A princípio, somos levados a crer através de um dos seus funcionários, que Barba Ruiva é um tirano. Gradativamente, conforme o roteiro se desenvolve, constatamos que há um enorme senso de justiça nas ações daquele que coordena o hospital. Não apenas justiça, mas também uma série de sábias ações geradoras de mudança comportamental no personagem que faz o médico arrogante e prepotente que, mesmo inexperiente acredita tudo saber por ter estudado em sua formação pelo “método holandês”. Kurosawa nos apresenta no choque entre estes dois médicos a dualidade entre uma medicina humanista preocupada com o ser em sua totalidade e outra que é distante do paciente e apenas tecnicista. Por sua vez, Barba Ruiva não é um protagonista carregado de uma aura de santidade e é justamente esse fato que enobrece sua humanidade: ele chantageia o governador, espanca cafetões em um bordel – “Eu não vou matar, apenas quebrar alguns ossos”, utiliza todos os expedientes necessários para alcançar o objetivo de conseguir manter seu hospital e atender sua clientela pobre e necessitada.
A trama e o roteiro nos apresentam a história de vida de alguns personagens que se apresentam diante do expectador despidos de falsos pudores. Em uma dessas cenas, Barba Ruiva diz ao médico novato que a medicina se volta para as misérias humanas e a ignorância talvez seja a maior doença a ser enfrentada.
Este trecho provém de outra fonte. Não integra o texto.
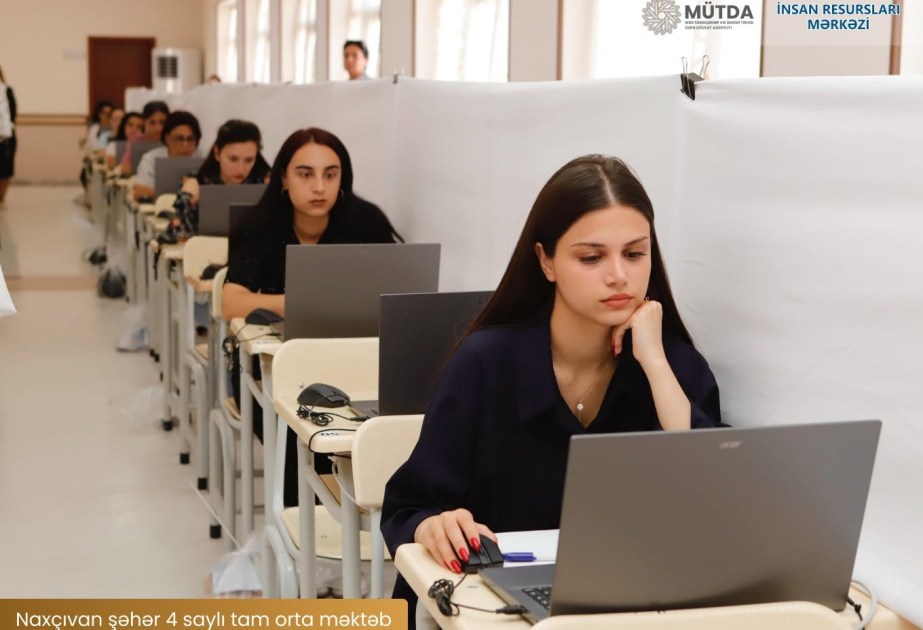 MİQ üzrə müsabiqənin test imtahanı mərhələsinə start verilib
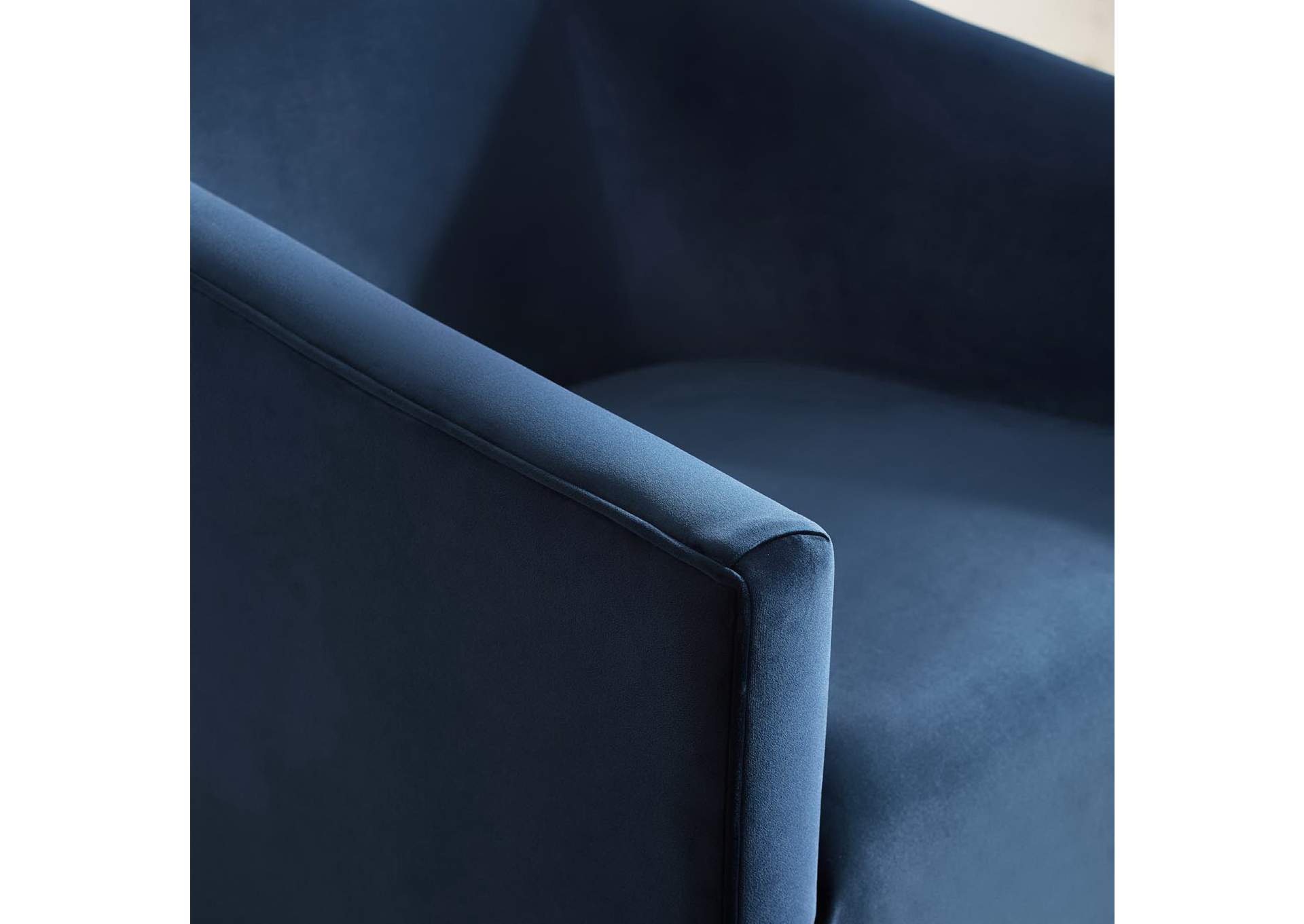 Twist Accent Lounge Performance Velvet Swivel Chair image 7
Do garotinho que rouba o hospital para comer à garota de 12 anos retirada à força do bordel, da ausência do Estado que corta investimentos em saúde, Kurosawa relata o drama das pessoas comuns. O hospital poderia ser uma repartição pública ou uma escola, o que se sobrepõem a tudo e a todos é o dilema do homem diante das misérias humanas.
Ainda sobre a prática de dirigir Kurosawa disse: “(...) construir é fácil e coisas práticas podem ser ensinadas. Mas o talento não pode ser ensinado. Ensinar o que é o cinema também é muito difícil. Aqueles que não entendem isso, não conseguem aprender. Explicar o que é o cinema em palavras abstratas é algo que não sou capaz de fazer”. (Doc. Uma mensagem de Kurosawa / 2000).
O velho mestre não precisou ensinar o que é o cinema através de palavras. Basta assistirmos a seus filmes para compreendermos toda a magnitude da sétima arte.